What does it mean to know Christ? In Philippians 3:10, we hear the apostle Paul’s heart cry: “That I may know him, and the power of his resurrection, and the fellowship of his sufferings, being made conformable unto his death.”

Paul, it seems, wanted to go beyond head knowledge, and even heart knowledge, and into experiential knowledge—in sum, to be in union with his Lord.

We, too, can identify with the desire to know our Lord, and even “the power of his resurrection”; but what about “the fellowship of his sufferings, being made conformable unto his death”? What are we to make of this somber note?

First, knowing the fellowship of Christ’s sufferings does not mean seeking a masochistic, self-flagellating kind of suffering. Oswald Chambers comments: “To choose to suffer means there is something wrong; to choose God’s will even if it means suffering is a very different thing. No healthy saint ever chooses suffering; he chooses God’s will, as Jesus did, whether it means suffering or not.”

Neither does entering this fellowship primarily mean experiencing physical suffering. I have experienced severe physical pain, but my pain was my own, identified only with me. Yes, the experience has given me insights into suffering, and through pain I have learned endurance; but this “personal” pain has not been sharing in the fellowship of Christ’s sufferings. Instead, by being with me in my pain, it has been Christ who has shared my sufferings.

Nor, I suggest, does the fellowship of his sufferings refer primarily to enduring personal hardship or persecution on account of our faith (although suffering for the sake of Christ may well be part of what is meant here). We cannot begin to understand this deep concept until we stop focusing on our own feeble attempts at cross bearing.

Knowing All Of Christ

Paul does not say, “I want to suffer for Christ,” but, “I want to know Christ,” with part of that process knowing the fellowship of his sufferings. Knowing someone in the biblical sense means knowing his or her innermost self.

Thus, in the deepest human relationships, knowing someone means more than doing things for the person, or being used or directed by that person. Knowing him or her means being at one with that person and, insofar as possible, entering into that one’s experience of life. We walk together through life with the best friend or with that marriage partner precisely because we are agreed—we have fellowship in our common interests and goals. What hurts him or her, hurts us. What brings that person joy, brings us joy.

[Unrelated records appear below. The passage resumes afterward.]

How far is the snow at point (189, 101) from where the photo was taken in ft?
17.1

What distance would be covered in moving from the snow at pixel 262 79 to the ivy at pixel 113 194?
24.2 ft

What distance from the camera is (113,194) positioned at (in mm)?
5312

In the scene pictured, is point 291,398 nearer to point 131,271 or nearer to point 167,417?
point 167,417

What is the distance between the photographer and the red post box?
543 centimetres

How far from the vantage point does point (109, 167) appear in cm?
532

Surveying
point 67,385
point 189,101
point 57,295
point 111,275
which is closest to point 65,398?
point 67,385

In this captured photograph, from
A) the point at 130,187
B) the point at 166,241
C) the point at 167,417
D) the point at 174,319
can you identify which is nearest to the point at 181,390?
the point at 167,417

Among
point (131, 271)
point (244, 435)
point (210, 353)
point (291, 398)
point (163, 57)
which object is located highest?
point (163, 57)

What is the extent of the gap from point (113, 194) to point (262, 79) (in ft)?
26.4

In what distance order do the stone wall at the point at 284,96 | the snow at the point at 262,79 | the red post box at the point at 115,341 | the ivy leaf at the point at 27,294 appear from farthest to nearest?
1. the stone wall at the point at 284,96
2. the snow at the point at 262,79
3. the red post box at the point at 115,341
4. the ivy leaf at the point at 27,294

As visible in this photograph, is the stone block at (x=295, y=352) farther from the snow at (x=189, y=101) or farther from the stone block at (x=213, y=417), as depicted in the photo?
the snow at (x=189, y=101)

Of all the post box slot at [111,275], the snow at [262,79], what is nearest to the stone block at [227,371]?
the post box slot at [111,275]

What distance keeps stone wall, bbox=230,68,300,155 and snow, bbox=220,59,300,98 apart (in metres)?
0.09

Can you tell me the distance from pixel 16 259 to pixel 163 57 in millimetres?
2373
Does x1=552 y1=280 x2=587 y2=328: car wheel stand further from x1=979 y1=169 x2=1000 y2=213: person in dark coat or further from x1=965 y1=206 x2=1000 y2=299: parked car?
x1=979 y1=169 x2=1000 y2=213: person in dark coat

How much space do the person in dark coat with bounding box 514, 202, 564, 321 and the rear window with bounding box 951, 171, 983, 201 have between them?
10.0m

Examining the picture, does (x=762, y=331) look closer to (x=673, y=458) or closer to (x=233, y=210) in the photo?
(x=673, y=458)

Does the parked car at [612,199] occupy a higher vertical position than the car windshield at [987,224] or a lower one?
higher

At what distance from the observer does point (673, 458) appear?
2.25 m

Knowing Christ, then, means identifying with all that is of Christ. Therefore, in line with the Pauline principle “as with Christ, so with the believer,” knowing Christ means both the “high” of his resurrection power at work, and also the “depths” of sharing in the fellowship of his sufferings.

Why the latter? Because, inescapably, Christ was the Suffering Servant. As Immanuel, “God with us,” Jesus’ example of the life of compassion was not superficial, disembodied sympathy but such a complete identification with our human suffering and sin that he became a Man of Sorrows, acquainted with grief.

The cause of that sorrow? Yearning for all who have gone astray like lost sheep. And so we read that when Christ saw the multitudes he had compassion on them, as sheep without a shepherd. And ultimately he, the Good Shepherd, gave up his life for the sheep. The incarnate Word was God’s compassion worked out in action—the action of identifying with the desperate need of a sinful world, identifying so thoroughly that “the punishment that brought us peace was upon him, and by his wounds we are healed.”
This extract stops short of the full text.